На следующее утро он зашёл к ортопедам и попросил сделать снимок на их портативном сканере. Просто ушиб – кость, слава богу, вновь не пострадала. А днём поступила прежняя пациентка, которой Уилсон удалял грудь ещё в две тысячи первом году. Они встречались семь раз, женщина получила тонны химиопрепаратов и ещё больше рентгеновских лучей – если бы не хронический алкоголизм, возможно, радионуклиды уже уничтожили бы её изнутри, но они  и так отлично сплясали у неё в лёгких. Женщина поступила для трансплантации – в связи со смертью потенциального донора – погибшего в аварии паренька. Вот только извлечённый и подготовленный трансплантат начал капризничать, и вся больница ломала головы над тем, что с ним случилось. А время уходило.
- У нас нет ни одного толкового диагноста, - резко, обвиняюще сказал Уилсон Форману. – На весь огромный учебный госпиталь ни одного толкового диагноста – одни ортопеды и общие хирурги. Я – онколог, я учил пропедевтику в медвузе, я – не специалист этого профиля. И моя больная не может ждать, пока мы проспециализируем очередного интерна.
- Хаус, - сказал Форман. – Его лицензия не аннулирована.
- Хаус в тюрьме. Хаусу добавили срок за то, что он не в состоянии выполнять хоть какие-то правила – даже тюремные, даже под конвоем.
- Госпиталь мог бы взять его на поруки, - сказал Форман. – Под твою ответственность.
Уилсон показал средний палец:
- Под твою ответственность. Я вообще против.
- Ты – против? – недоверчиво переспросил Форман.

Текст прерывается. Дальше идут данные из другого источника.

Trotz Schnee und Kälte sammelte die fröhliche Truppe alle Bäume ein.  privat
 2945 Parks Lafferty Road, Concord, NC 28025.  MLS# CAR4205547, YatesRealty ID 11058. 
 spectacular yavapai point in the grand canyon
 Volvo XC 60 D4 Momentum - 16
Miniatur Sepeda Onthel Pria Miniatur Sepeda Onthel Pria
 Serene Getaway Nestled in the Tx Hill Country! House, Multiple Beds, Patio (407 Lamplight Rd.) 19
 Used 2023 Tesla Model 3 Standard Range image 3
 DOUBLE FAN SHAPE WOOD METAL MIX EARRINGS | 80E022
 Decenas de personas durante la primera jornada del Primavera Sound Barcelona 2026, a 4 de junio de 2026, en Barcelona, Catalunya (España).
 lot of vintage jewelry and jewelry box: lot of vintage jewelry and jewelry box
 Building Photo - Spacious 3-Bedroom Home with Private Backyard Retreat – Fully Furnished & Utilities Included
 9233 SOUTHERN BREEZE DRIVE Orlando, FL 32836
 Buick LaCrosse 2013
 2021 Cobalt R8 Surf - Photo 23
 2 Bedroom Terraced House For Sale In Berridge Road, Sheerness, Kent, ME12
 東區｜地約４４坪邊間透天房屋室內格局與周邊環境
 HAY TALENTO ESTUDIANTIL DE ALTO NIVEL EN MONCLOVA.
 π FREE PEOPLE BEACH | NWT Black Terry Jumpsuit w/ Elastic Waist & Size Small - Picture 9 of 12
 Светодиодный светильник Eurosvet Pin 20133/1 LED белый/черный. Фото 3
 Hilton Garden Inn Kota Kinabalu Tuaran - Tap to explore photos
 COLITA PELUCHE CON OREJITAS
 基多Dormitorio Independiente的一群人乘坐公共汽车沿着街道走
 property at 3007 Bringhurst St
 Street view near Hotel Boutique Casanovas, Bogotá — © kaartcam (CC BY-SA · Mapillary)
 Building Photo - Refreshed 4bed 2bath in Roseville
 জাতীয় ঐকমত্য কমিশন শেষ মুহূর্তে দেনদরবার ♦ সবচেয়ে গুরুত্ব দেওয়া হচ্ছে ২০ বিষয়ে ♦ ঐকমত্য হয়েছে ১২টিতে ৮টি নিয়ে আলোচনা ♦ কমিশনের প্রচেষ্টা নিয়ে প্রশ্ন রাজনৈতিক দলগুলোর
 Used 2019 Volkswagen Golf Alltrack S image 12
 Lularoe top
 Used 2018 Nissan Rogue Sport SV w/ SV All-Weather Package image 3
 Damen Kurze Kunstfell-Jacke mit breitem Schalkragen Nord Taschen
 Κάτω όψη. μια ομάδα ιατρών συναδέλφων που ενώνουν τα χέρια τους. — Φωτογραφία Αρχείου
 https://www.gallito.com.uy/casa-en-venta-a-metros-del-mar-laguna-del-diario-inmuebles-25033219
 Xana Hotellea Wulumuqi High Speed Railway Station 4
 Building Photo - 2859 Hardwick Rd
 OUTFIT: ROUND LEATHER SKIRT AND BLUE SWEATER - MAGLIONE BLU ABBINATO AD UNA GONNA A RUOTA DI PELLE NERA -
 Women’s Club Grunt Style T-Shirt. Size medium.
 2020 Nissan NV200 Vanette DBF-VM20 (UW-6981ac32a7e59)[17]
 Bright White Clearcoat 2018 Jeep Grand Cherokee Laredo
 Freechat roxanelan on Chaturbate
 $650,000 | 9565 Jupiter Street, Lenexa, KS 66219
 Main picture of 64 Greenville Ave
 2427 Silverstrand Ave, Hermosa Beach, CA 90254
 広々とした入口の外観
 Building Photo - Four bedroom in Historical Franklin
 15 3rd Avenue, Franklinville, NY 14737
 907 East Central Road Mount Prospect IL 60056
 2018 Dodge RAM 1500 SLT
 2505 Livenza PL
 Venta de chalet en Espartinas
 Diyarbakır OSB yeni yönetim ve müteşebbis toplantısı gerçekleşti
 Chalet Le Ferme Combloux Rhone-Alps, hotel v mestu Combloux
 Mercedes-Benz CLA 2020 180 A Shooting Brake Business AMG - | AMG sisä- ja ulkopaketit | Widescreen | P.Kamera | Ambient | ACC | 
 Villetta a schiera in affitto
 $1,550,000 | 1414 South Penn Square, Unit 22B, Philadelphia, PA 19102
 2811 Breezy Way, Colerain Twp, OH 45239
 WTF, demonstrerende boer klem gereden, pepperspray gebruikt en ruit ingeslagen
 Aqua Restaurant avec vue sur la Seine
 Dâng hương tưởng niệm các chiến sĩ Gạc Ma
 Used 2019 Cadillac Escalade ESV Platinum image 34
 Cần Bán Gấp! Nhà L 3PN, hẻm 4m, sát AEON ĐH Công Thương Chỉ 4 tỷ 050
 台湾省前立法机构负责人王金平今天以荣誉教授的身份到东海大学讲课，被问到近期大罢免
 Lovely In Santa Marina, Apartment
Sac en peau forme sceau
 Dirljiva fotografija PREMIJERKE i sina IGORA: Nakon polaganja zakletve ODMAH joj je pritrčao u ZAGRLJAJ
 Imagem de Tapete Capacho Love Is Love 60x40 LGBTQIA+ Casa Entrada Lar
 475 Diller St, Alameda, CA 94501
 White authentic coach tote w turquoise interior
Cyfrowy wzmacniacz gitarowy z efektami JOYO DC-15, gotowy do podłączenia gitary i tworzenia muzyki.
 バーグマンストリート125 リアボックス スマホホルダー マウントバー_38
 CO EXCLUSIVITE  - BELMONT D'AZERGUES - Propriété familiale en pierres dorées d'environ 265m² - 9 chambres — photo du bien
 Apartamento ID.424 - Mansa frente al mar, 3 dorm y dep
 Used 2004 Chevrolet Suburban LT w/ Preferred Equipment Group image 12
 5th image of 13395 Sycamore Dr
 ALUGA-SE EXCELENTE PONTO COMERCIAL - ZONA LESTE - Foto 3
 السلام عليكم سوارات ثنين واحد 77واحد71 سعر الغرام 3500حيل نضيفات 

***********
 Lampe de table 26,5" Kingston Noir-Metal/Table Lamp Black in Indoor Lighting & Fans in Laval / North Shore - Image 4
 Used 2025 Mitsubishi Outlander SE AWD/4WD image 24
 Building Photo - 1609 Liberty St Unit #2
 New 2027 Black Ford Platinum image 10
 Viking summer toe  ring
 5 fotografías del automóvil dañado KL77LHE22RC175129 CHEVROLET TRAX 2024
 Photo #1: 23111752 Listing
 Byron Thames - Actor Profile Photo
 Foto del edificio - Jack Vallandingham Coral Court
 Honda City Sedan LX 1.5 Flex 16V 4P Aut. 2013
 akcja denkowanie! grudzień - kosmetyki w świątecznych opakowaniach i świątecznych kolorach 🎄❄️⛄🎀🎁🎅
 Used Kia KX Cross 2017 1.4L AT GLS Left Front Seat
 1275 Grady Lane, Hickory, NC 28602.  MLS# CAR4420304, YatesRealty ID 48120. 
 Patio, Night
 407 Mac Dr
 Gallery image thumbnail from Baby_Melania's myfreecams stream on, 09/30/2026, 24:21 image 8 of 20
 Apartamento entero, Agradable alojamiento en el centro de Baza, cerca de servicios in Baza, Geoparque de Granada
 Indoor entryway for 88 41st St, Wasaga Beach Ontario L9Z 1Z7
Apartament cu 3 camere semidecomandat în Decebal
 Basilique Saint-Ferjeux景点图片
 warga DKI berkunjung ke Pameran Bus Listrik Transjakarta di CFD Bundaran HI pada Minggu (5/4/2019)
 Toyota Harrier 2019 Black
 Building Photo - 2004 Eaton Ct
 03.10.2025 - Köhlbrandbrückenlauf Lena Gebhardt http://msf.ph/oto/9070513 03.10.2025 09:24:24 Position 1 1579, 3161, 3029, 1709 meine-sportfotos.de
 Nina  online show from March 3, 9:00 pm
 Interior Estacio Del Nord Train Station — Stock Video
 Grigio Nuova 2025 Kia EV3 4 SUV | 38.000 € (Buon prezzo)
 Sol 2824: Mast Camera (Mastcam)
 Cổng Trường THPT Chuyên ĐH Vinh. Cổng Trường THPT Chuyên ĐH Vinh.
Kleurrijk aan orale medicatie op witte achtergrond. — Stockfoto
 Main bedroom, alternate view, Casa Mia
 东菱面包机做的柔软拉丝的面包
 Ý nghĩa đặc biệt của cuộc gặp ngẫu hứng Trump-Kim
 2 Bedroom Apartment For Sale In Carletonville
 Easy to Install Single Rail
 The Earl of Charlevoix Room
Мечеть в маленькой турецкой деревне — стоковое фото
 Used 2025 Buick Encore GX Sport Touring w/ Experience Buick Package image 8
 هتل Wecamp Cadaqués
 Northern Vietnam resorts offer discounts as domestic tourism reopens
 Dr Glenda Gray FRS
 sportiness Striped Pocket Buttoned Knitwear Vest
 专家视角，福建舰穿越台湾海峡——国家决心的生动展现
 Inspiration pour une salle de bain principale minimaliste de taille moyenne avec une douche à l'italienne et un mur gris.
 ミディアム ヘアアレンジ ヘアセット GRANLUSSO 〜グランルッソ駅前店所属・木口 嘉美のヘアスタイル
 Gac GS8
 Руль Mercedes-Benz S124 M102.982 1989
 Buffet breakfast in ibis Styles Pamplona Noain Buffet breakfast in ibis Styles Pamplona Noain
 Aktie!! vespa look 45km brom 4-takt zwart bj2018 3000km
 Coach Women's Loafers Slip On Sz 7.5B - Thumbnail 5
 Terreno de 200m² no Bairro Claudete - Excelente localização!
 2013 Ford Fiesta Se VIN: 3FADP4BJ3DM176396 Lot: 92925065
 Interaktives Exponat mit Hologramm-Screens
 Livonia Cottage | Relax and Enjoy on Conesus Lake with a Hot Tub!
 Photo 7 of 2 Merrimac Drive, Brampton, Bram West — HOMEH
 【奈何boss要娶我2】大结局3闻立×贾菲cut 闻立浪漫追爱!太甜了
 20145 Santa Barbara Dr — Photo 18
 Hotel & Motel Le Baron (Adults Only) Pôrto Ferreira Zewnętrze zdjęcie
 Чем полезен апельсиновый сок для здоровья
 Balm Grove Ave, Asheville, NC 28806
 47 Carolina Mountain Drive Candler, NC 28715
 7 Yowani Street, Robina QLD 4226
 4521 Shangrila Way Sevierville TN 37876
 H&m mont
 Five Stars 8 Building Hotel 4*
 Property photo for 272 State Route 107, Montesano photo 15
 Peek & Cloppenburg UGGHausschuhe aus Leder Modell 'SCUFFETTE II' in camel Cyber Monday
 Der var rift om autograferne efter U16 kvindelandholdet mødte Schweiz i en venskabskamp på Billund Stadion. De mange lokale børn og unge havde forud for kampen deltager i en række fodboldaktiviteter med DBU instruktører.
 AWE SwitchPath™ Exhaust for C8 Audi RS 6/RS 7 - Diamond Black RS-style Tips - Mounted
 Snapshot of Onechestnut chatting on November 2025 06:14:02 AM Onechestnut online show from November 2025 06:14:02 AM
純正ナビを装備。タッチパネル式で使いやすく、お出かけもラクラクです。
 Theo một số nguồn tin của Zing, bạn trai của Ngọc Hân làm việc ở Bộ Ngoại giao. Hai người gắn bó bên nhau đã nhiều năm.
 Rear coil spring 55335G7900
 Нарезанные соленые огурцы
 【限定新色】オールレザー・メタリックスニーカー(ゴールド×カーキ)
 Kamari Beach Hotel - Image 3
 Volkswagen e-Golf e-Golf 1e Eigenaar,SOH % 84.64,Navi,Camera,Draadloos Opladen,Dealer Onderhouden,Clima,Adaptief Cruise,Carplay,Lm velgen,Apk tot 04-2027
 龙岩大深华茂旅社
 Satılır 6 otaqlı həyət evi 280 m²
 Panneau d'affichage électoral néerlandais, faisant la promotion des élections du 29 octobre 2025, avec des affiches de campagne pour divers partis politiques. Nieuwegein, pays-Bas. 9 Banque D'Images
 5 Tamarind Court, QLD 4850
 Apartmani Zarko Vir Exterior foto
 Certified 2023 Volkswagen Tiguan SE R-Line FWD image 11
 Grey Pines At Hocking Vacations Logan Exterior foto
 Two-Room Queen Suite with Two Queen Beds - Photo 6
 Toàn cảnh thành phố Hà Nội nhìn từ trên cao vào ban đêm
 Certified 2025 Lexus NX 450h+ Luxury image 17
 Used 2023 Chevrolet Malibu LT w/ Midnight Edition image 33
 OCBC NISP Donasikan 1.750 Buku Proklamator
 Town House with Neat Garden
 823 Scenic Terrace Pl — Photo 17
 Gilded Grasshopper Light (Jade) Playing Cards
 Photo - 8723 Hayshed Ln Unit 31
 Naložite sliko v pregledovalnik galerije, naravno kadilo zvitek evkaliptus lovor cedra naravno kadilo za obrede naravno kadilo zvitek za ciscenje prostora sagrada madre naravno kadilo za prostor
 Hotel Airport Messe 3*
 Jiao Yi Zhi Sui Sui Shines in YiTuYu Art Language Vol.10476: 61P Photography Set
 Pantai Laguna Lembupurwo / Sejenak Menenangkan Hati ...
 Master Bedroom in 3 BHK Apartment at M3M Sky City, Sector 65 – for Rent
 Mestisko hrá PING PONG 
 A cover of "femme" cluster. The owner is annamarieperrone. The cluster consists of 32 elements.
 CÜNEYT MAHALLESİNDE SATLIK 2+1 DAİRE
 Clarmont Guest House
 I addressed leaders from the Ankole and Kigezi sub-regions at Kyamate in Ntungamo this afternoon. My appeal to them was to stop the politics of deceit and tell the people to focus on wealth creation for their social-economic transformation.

- В интересах моей пациентки я не могу… Но да, я против. Хаус – разрушительная сила. Он неуправляем. Он Бог, как врач, но ты слабак перед ним, ты его держать не сможешь, как руководитель. И, когда полетят кровавые ошмётки, я не хочу быть крайним.
Форман задрал подбородок.
- С чего ты взял, что я не справлюсь?
- Конечно, не справишься! Кадди - и то не всегда удавалось.
- Хочешь пари?
- Не хочу, - отрезал Уилсон. – Эти бесконечные пари – тоже его влияние. Смотри: он сидит в тюрьме, а ты руководишь госпиталем, и ты - большой босс - всё равно даже сейчас упорно носишь его кроссовки, и предлагаешь мне пари. Хочешь – бери его на поруки. Но не говори потом, что я тебя не предупредил.
- Посмотрим, - многообещающе процедил Форман.
- Хорошо, посмотрим.
Уилсон вышел из начальственного кабинета и шмыгнул в туалет – впервые мимо двери, бывшей некогда дверью Хауса. Там он в изнеможении прислонился к стене, а потом нарвал бумажных полотенец, намочил их и обтёр лицо. Можно было не сомневаться: Форман завёлся и теперь вытащит Хауса, чего бы ему это не стоило.